If the reports coming out of Lebanon can be believed, the Israelis are only sometimes striking known Hizbullah safe houses or facilities or missile emplacements. A lot of their bombardment appears aimed at punishing civilian populations and forcing them north to Beirut. Such an approach would help explain the high number of civilian casualties. That is, there may be an element of ethnic cleansing in Israeli tactics.
The Irish Times reports:
' The civilian toll continued to mount in Lebanon yesterday as Israeli planes struck dozens of targets. Nine civilians, including two children, were killed when they were hit by a missile that struck a bridge in the southern port city of Sidon . In the southern city of Tyre , rescue workers pulled nine more bodies from the civil defence building that was hit on Sunday in an Israeli strike. Close to 200 civilians have been killed in Lebanon since the Israeli offensive began last week, when Hizbullah attacked an Israeli border patrol, killing three soldiers and capturing two. Five more soldiers were killed when they gave chase into Lebanon .'
Hizbullah sent rockets on Israel again Monday, with four hitting Haifa, including a strike that collapsed a building and injured 11 persons. Since the outbreak of the fighting last Wednesday, 24 Israelis have been killed, 12 soldiers and 12 civilians.

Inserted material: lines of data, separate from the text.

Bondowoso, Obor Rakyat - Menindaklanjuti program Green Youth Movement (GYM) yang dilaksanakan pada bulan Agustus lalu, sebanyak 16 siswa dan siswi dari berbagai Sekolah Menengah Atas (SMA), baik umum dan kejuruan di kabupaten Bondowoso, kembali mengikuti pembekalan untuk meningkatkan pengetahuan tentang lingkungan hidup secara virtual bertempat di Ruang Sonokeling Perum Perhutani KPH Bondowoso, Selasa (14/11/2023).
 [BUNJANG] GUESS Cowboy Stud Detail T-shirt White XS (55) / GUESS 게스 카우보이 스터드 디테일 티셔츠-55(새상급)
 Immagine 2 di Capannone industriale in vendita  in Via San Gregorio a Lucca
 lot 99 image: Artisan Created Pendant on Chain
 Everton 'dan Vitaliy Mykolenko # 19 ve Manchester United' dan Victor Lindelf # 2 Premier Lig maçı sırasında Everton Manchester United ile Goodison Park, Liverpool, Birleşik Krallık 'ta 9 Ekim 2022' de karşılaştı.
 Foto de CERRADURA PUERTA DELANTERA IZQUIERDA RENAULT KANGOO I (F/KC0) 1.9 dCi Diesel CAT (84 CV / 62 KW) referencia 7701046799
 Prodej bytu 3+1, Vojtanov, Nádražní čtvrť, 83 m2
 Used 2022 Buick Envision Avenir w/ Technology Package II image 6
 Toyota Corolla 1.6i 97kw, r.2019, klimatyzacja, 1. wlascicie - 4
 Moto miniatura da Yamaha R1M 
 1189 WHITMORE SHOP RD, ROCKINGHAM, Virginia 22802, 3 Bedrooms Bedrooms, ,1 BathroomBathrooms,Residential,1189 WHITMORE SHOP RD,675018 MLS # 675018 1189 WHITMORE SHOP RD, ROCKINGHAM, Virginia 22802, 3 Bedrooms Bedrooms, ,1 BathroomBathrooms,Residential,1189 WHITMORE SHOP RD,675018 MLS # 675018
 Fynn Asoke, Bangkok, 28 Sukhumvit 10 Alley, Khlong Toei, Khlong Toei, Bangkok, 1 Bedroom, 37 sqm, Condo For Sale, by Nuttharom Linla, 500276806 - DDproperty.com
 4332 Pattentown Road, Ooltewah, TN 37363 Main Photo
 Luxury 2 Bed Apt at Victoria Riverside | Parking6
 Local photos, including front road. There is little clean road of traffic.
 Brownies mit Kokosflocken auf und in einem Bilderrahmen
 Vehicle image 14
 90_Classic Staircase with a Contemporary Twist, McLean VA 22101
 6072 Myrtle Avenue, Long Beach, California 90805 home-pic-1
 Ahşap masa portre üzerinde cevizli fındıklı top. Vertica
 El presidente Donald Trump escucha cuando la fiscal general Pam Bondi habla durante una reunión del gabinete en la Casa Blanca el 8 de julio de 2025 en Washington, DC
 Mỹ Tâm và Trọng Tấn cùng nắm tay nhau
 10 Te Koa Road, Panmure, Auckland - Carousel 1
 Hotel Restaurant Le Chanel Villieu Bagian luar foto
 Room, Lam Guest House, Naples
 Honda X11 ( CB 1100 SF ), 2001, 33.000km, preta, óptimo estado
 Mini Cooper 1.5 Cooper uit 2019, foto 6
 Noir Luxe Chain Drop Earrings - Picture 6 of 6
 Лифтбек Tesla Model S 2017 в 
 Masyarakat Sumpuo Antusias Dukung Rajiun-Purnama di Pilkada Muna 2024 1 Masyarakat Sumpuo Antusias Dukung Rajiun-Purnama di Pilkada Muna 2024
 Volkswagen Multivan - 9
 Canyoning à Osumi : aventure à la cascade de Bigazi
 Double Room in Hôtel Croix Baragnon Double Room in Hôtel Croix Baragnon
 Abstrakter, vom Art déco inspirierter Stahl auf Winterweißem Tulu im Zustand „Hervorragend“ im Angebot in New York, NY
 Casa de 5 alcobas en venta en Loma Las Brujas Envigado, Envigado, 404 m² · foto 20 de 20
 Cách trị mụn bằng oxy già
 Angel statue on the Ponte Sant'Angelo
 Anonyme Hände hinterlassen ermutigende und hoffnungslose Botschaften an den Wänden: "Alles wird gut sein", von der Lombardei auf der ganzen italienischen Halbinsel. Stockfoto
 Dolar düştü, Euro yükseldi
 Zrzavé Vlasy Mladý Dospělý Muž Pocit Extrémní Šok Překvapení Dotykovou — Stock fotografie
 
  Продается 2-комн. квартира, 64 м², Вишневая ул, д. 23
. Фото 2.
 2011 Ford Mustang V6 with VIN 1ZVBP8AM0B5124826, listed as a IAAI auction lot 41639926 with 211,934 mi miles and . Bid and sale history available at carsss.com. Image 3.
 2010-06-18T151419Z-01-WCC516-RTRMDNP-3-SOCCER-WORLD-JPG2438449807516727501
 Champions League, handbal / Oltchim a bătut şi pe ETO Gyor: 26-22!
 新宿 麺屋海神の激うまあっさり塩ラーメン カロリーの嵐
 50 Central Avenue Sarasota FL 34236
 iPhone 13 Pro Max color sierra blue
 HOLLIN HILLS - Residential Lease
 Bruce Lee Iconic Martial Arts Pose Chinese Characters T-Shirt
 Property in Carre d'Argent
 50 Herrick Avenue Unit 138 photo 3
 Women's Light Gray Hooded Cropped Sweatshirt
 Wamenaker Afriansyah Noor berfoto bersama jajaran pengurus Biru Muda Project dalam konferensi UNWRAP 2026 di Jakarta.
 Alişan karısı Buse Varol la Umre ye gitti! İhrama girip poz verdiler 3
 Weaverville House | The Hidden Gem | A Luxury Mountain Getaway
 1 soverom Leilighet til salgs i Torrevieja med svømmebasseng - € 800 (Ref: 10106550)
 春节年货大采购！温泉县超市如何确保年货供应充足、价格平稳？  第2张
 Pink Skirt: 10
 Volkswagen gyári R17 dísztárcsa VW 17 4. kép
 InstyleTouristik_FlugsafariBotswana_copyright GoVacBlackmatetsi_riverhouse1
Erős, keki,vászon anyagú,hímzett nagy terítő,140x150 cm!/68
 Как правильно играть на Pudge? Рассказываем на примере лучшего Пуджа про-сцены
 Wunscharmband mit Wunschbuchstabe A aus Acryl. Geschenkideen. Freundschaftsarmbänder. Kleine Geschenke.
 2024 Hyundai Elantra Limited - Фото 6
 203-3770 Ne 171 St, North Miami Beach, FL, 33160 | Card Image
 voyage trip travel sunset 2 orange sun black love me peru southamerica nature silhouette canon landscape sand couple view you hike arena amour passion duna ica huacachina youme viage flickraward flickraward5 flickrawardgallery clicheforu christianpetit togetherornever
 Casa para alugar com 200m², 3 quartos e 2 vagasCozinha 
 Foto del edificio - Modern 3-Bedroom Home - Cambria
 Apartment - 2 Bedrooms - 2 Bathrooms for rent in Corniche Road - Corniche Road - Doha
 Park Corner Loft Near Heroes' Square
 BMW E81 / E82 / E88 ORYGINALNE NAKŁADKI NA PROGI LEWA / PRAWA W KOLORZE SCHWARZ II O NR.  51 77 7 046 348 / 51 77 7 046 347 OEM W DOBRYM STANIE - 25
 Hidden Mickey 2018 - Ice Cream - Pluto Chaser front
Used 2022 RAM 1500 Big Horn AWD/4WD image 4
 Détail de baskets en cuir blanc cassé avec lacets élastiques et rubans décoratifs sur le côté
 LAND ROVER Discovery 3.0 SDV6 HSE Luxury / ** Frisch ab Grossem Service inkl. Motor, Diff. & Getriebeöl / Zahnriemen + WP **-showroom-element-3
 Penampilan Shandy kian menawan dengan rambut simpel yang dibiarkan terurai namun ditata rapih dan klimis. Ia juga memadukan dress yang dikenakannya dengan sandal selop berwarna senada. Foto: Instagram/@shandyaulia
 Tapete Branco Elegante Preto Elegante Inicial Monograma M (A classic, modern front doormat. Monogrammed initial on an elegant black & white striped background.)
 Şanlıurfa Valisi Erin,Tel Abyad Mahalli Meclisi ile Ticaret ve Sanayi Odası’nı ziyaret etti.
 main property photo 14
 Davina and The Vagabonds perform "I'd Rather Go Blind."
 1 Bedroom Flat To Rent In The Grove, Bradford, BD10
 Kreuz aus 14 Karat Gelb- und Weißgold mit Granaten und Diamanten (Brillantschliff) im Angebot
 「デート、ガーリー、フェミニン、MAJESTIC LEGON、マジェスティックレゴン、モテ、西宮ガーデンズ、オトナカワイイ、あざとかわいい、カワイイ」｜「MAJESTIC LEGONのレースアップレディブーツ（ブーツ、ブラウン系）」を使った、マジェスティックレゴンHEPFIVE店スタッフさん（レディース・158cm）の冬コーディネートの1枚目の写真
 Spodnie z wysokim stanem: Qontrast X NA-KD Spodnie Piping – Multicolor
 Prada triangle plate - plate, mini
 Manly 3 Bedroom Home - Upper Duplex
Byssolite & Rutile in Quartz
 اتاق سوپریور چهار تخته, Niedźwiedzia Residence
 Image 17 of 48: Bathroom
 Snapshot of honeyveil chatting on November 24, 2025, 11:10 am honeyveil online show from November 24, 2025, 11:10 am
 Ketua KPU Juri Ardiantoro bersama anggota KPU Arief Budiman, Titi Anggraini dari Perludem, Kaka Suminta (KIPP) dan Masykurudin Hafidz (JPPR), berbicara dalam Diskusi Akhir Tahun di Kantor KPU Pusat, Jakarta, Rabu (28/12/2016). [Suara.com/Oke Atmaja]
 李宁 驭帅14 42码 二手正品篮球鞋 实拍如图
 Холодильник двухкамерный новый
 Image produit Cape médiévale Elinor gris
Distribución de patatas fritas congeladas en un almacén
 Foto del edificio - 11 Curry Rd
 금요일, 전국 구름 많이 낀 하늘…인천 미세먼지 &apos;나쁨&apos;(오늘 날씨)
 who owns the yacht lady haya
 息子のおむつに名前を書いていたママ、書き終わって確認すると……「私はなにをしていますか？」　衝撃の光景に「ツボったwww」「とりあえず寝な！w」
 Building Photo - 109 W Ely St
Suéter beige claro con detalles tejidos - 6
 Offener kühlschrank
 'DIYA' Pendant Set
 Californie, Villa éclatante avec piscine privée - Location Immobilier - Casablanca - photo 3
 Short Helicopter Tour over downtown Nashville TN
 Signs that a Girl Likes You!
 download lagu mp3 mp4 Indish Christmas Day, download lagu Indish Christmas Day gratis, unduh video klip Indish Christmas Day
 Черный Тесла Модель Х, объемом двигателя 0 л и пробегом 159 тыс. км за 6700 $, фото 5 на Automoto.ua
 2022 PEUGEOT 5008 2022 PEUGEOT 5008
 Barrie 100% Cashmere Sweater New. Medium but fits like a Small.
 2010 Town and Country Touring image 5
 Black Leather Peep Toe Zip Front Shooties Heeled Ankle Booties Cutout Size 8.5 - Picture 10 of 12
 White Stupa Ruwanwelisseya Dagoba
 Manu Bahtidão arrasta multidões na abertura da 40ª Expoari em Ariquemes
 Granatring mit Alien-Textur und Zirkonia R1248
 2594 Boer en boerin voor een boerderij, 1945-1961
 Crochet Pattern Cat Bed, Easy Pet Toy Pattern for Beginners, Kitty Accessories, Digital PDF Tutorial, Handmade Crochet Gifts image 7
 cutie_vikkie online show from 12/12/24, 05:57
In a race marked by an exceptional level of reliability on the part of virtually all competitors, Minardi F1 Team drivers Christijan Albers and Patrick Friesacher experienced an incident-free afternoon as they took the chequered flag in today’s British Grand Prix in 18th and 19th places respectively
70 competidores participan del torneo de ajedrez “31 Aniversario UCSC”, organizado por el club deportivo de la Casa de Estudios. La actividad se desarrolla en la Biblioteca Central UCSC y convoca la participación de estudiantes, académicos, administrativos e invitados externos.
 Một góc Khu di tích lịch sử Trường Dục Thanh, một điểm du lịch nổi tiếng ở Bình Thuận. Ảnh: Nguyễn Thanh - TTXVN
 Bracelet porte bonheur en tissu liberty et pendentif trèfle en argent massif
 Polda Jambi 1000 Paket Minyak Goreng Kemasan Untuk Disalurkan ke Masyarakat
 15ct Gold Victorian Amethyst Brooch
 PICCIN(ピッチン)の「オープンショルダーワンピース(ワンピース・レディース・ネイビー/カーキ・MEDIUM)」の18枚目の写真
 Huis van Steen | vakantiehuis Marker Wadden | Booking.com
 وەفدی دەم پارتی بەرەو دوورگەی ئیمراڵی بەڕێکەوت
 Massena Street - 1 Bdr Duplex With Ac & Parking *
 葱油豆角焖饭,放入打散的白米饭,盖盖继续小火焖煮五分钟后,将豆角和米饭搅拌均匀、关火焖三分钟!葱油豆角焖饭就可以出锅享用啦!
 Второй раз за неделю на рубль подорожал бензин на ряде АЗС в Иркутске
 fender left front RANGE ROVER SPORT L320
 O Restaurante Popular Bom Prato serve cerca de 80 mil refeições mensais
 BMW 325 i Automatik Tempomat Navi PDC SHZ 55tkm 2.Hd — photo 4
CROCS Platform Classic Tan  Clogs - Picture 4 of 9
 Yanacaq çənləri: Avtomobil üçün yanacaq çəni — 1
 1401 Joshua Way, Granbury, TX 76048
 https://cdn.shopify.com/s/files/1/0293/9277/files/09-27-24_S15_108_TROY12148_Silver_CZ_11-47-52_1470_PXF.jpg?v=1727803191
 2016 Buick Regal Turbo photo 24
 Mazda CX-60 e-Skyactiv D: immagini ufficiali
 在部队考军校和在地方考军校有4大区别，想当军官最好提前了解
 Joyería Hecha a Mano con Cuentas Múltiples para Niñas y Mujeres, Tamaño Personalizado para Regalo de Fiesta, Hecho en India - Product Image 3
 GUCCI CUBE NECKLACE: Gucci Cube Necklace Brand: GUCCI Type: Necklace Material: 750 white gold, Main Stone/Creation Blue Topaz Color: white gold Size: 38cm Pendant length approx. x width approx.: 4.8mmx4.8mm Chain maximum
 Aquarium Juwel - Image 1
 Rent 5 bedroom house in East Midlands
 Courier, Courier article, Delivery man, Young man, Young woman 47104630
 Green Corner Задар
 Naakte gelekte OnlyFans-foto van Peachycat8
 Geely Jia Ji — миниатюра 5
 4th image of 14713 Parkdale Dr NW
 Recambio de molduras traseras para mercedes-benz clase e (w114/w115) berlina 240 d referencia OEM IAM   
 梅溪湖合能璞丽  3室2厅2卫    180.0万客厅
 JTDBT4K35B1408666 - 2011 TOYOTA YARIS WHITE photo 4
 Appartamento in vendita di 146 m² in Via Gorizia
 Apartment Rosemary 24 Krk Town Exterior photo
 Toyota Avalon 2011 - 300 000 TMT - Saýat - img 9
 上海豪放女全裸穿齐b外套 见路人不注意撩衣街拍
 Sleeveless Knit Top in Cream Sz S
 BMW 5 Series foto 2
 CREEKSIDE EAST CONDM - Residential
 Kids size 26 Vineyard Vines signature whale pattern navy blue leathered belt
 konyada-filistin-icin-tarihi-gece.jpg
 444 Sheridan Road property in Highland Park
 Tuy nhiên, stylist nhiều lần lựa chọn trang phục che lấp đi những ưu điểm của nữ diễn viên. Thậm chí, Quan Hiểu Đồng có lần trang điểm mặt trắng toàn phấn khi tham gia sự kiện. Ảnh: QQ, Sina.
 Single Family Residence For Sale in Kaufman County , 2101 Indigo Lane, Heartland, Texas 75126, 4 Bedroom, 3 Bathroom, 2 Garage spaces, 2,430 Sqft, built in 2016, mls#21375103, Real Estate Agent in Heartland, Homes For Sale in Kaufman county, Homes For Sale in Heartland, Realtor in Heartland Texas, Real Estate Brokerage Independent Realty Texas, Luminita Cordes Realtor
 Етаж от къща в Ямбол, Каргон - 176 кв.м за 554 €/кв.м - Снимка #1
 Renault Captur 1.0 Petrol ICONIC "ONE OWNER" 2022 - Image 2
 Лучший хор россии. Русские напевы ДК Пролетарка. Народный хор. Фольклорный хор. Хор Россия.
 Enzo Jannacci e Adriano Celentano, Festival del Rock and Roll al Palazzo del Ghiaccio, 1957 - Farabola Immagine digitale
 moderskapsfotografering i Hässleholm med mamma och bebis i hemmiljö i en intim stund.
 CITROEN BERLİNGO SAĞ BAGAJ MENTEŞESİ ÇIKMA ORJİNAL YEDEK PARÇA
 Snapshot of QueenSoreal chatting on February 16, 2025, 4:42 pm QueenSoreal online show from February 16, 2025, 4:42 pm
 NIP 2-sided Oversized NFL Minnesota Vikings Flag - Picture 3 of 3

The elements of an eventual resolution of the current Israeli war on Lebanon are becoming clear in international diplomacy. Italian PM Romano Prodi is already thinking about how to round up 10,000 UN peacekeepers to insert in the Lebanese south as a buffer between the Israeli army and Hizbullah. Russia agrees and is willing to participate. My advice: don't send the blue helmets unless you authorize them to shoot back when attacked.
On the other hand, the Irish Times report above says that Israeli officials reject a UN deployment and insist instead that the Lebanese army must be stationed along the border.
It is probably the Olmert government's hope that this posting will set the Lebanese army against Hizbullah, producing intra-Lebanese fighting that serves Israeli interests.
Israel, however, does not always get its way. We'll see. Peacekeeping is a ways off. The Israelis will fight their war first.